Quick hit: Prop 8 ruled unconstitutional

Yesterday Vaughn Walker, Chief Judge of the Northern California U.S. District Court, ruled  CA Prop 8 unconstitutional on Due Process and Equal Protection grounds.  You can read the full ruling here (scribd online) or here (pdf).

There’s much more to be said about the detailed, thorough text of the decision, but for now it’s worth highlighting a couple points.  One, Judge Walker forcefully argued that Prop 8 was based on unproven assertions that gay and lesbian couples are inferior to straight couples:

Proposition 8 fails to advance any rational basis in singling out gay men and lesbians for denial of a marriage license. Indeed, the evidence shows Proposition 8 does nothing more than enshrine in the California Constitution the notion that opposite-sex couples are superior to same-sex couples.  Because California has no interest in discriminating against gay men and lesbians, and because Proposition 8 prevents California from fulfilling its constitutional obligation to provide marriages on an equal basis,the court concludes that Proposition 8 is unconstitutional.

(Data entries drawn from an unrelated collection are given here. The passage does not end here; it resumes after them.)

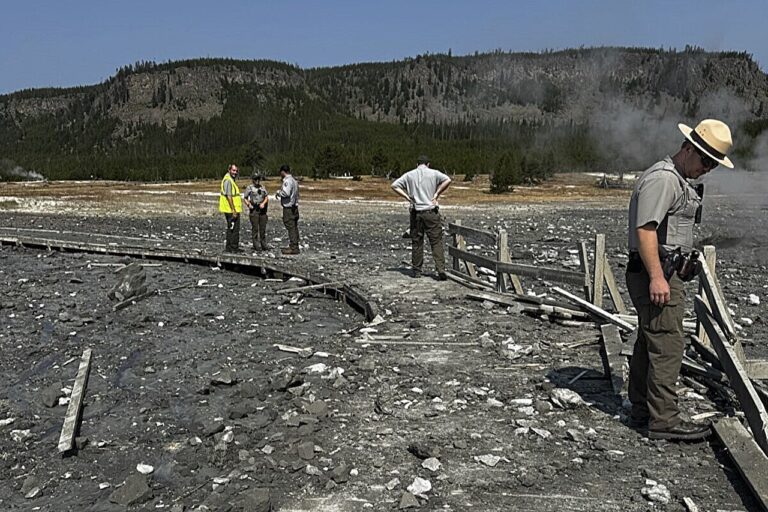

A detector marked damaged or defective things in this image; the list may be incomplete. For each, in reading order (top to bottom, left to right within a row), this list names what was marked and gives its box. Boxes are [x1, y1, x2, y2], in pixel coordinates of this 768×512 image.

splintered wood plank [576, 242, 592, 302]
splintered wood plank [556, 284, 632, 332]
splintered wood plank [592, 233, 608, 306]
splintered wood plank [604, 254, 628, 314]
splintered wood plank [58, 348, 92, 452]
broken wooden railing post [58, 348, 92, 452]
splintered wood plank [596, 324, 628, 396]
broken wooden railing post [692, 296, 768, 456]
splintered wood plank [696, 296, 768, 456]
splintered wood plank [712, 418, 768, 510]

Secondly, the ruling is not just an argument for the equality of heterosexuals and sexual minorities, or an argument for marriage equality, it’s an argument for gender equality as well:

The evidence shows that the movement of marriage away from a gendered institution and toward an institution free from state-mandated gender roles reflects an evolution in the understanding of gender rather than a change in marriage. The evidence did not show any historical purpose for excluding same-sex couples from marriage, as states have never required spouses to have an ability or willingness to procreate in order to marry. FF 21. Rather, the exclusion exists as an artifact of a time when the genders were seen as having distinct roles in society and in marriage. That time has passed.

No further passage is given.